[What you have to do] Search the records for the string "light", then copy each line that has it.

==========

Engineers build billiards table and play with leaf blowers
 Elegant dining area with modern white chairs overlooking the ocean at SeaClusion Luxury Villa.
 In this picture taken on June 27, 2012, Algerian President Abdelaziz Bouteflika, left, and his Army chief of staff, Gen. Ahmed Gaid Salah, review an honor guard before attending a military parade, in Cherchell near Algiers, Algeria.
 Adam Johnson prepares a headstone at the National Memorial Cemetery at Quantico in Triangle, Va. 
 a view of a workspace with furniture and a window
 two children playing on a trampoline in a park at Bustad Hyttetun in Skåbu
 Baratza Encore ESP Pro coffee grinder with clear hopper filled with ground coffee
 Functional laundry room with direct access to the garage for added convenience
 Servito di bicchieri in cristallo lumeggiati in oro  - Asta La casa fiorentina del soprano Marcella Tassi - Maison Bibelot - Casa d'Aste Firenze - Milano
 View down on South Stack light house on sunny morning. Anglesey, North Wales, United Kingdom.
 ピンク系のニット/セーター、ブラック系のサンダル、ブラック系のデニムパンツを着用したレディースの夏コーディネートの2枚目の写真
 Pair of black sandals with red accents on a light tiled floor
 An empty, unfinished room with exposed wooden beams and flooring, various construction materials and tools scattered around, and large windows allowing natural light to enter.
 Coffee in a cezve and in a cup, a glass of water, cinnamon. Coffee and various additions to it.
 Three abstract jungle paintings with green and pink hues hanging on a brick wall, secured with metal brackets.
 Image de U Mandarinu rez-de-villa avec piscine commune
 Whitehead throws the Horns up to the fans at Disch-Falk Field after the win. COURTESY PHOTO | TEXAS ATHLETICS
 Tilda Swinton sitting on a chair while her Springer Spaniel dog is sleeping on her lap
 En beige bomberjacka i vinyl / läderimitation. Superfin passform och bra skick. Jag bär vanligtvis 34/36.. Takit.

==========

[Exercise solution]
 View down on South Stack light house on sunny morning. Anglesey, North Wales, United Kingdom.
 Pair of black sandals with red accents on a light tiled floor
 An empty, unfinished room with exposed wooden beams and flooring, various construction materials and tools scattered around, and large windows allowing natural light to enter.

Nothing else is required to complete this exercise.